» YOUR INSTRUCTIONS:
In the entries below, which lines run from the one with "Casa com 2 dormitórios" through the one with "Mid Century Swedish"? Repeat exactly those, both included, and no pictures.

Image-caption web data:
******************************

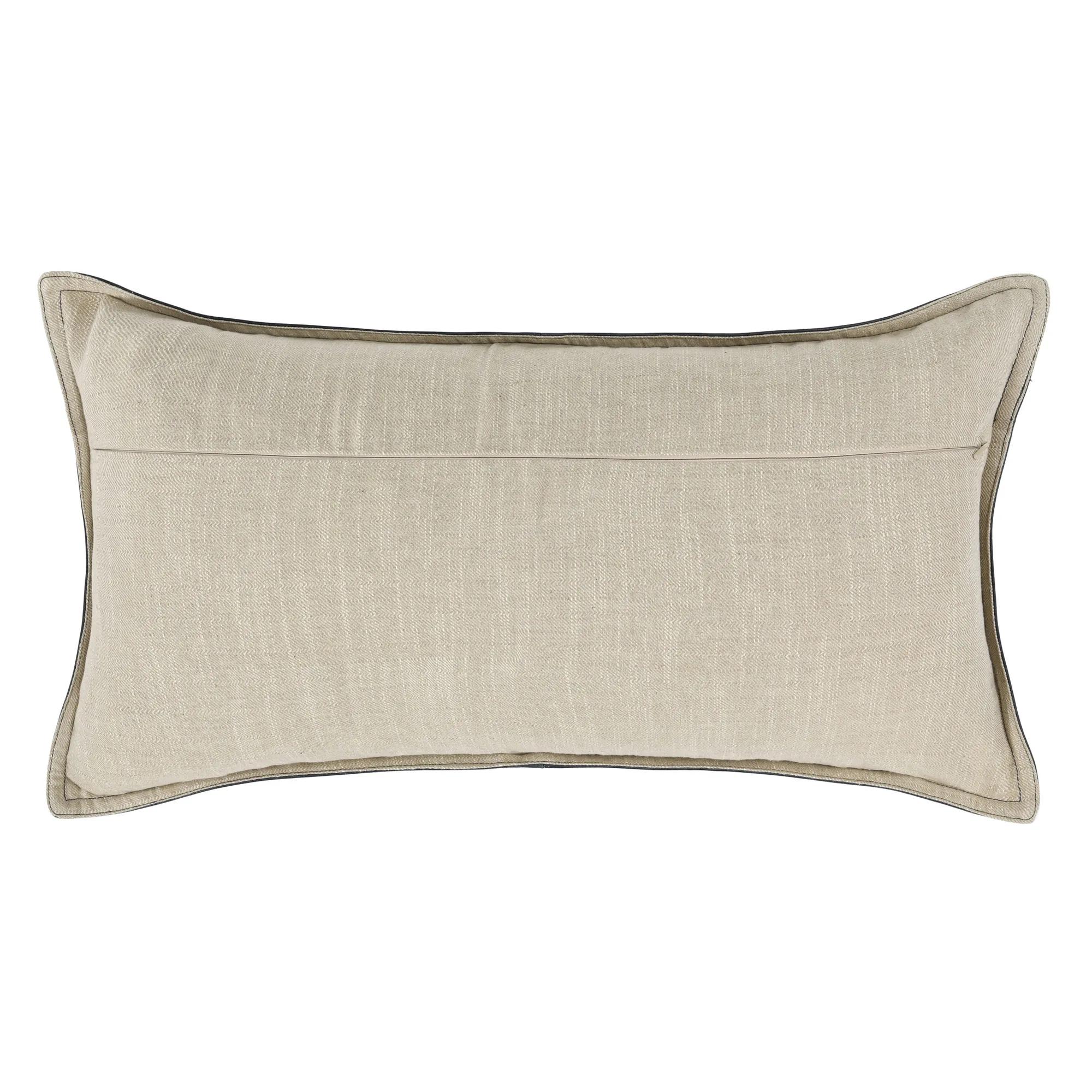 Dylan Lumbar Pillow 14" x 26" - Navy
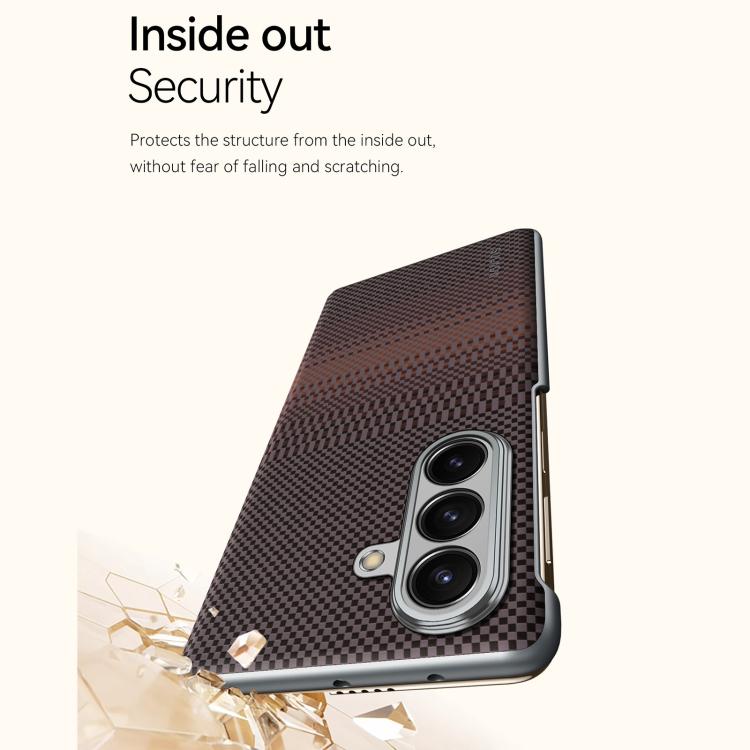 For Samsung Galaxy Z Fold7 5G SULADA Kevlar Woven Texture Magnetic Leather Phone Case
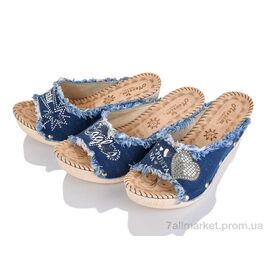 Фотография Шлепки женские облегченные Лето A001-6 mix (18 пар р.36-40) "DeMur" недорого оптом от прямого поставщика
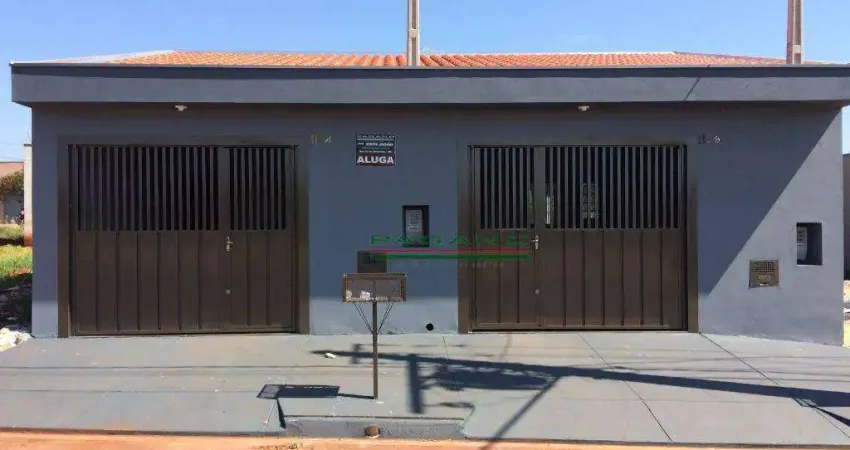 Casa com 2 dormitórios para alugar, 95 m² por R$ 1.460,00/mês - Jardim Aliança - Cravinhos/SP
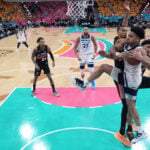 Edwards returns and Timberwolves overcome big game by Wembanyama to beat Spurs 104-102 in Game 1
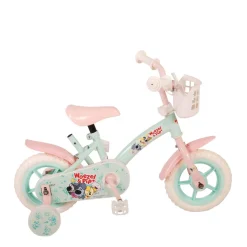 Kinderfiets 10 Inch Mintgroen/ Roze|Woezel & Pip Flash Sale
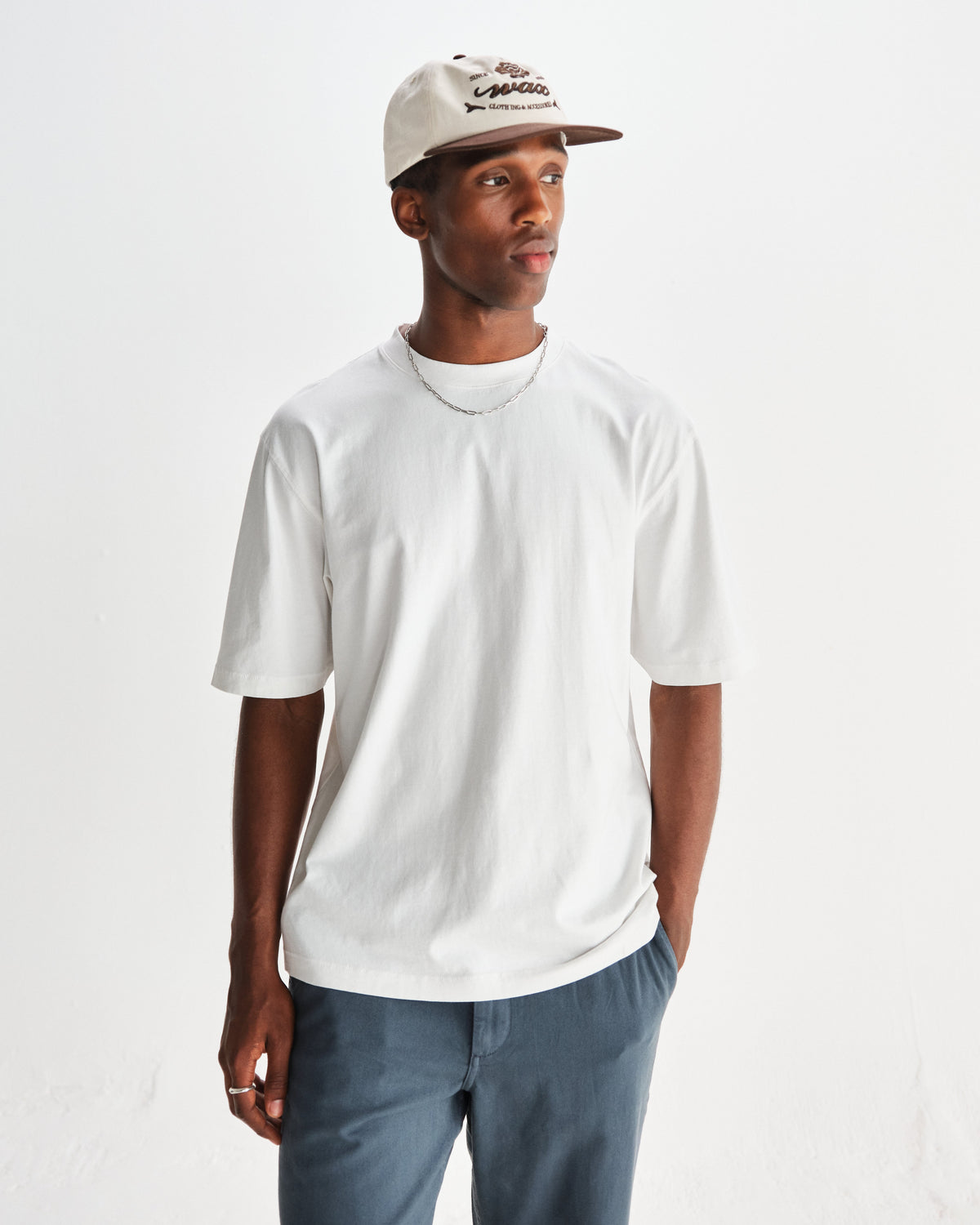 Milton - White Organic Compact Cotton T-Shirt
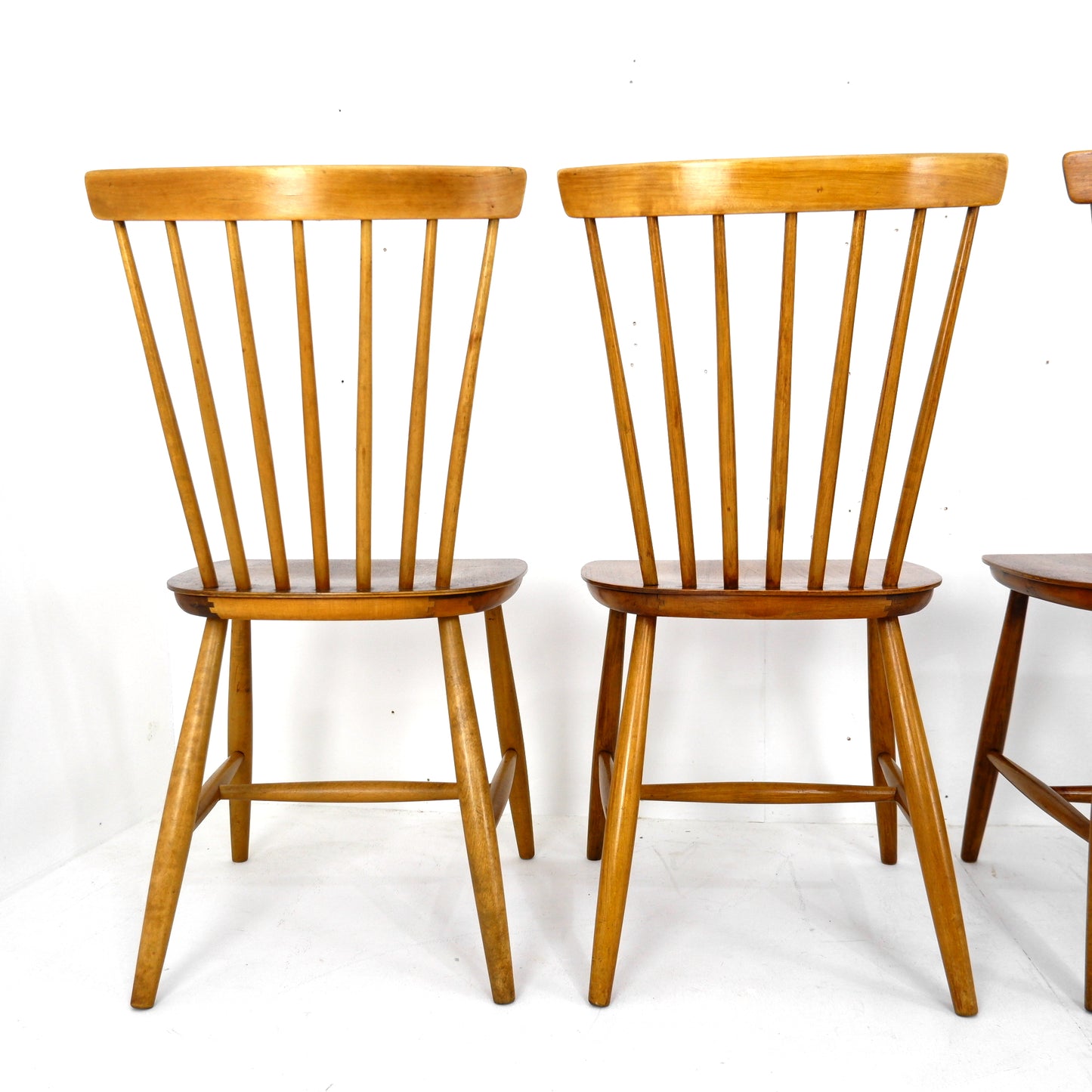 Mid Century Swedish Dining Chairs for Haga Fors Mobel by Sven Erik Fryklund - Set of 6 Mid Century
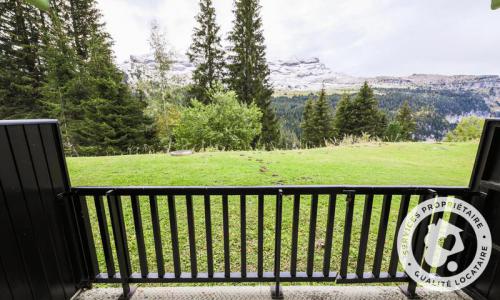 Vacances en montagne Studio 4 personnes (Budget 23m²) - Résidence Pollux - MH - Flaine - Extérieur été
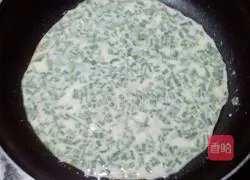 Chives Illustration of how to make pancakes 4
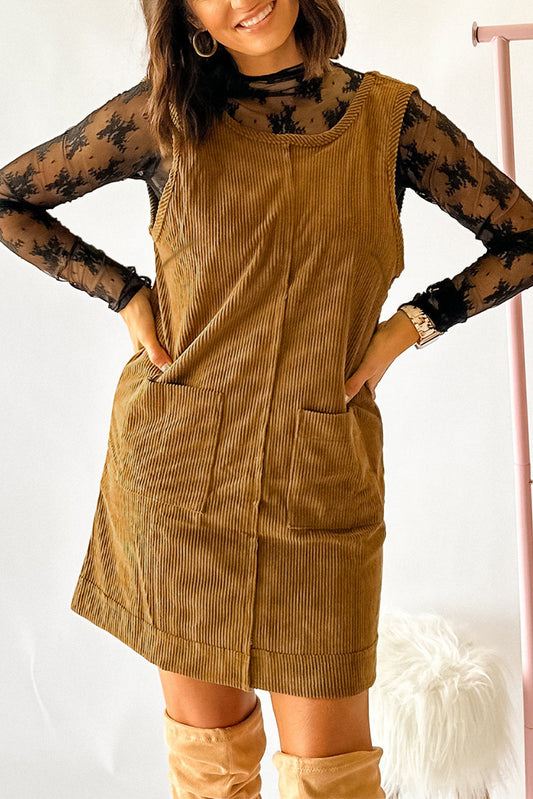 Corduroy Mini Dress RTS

******************************

» RESULT BELOW:
 Casa com 2 dormitórios para alugar, 95 m² por R$ 1.460,00/mês - Jardim Aliança - Cravinhos/SP
 Edwards returns and Timberwolves overcome big game by Wembanyama to beat Spurs 104-102 in Game 1
 Kinderfiets 10 Inch Mintgroen/ Roze|Woezel & Pip Flash Sale
 Milton - White Organic Compact Cotton T-Shirt
 Mid Century Swedish Dining Chairs for Haga Fors Mobel by Sven Erik Fryklund - Set of 6 Mid Century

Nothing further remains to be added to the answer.